Fifty years ago, two researchers started writing this seminal paper, kicking off the research field of computational complexity, the core of computer science, with now tens of thousands of publications.

Although the concepts and ideas underlying the paper were not new, as a letter by Kurt Gödel show us, it was the foundational moment for a field that still produces deep, beautiful and practical results: in the last decade, Williams’ lower bound on non-uniform circuitsAgrawal-Kayal-Saxena primality test that included primality testing in P (although Miller-Rabin and Solovay-Strassen   primality tests still live strong since they are much faster than AKS) or Vassilevska’s lower bound on matrix multiplication.

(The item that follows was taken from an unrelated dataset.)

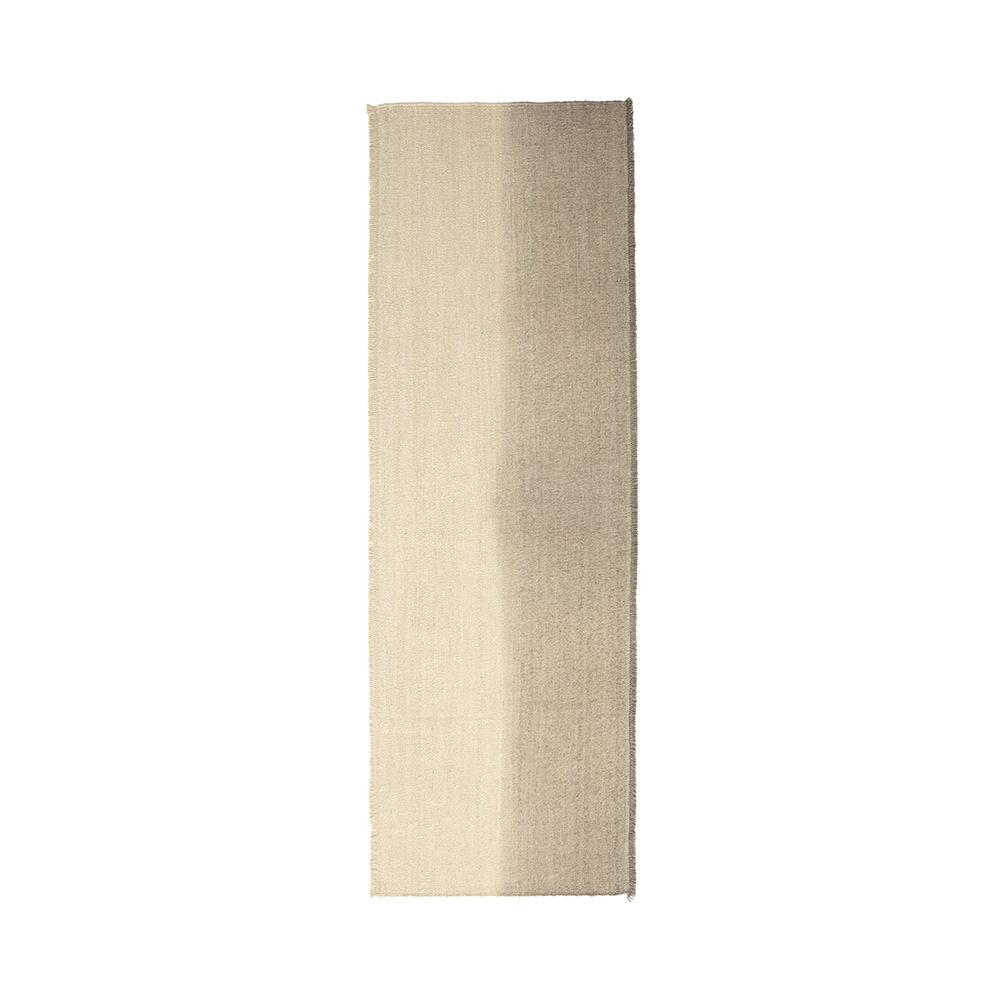 NANIMARQUINA tapis de couloir MATIZ RUNNER PANEL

I see tons of start-ups and projects fail because they ignore the most basic algorithmic prudence: that is, that only sub-logarithmic algorithms should be accessible to the mass-public is one the ignored maxims of the computer industry that can only be learned by the proper interpretation of the absence of market offerings refuting it (vg. regular expressions within search engines’ queries, which could run in exponential time; or all the AI promises about solving optimization problems that never delivered).

Speaking with some researchers lately, they expressed the hope that the coming end of Moore’s law would vindicate this field, making its results much more relevant: and although they were absolutely right in that proportionally more resources will be directed towards these ends, they also failed to consider that the likely crash following this event may also reduce the total, aggregated opportunities.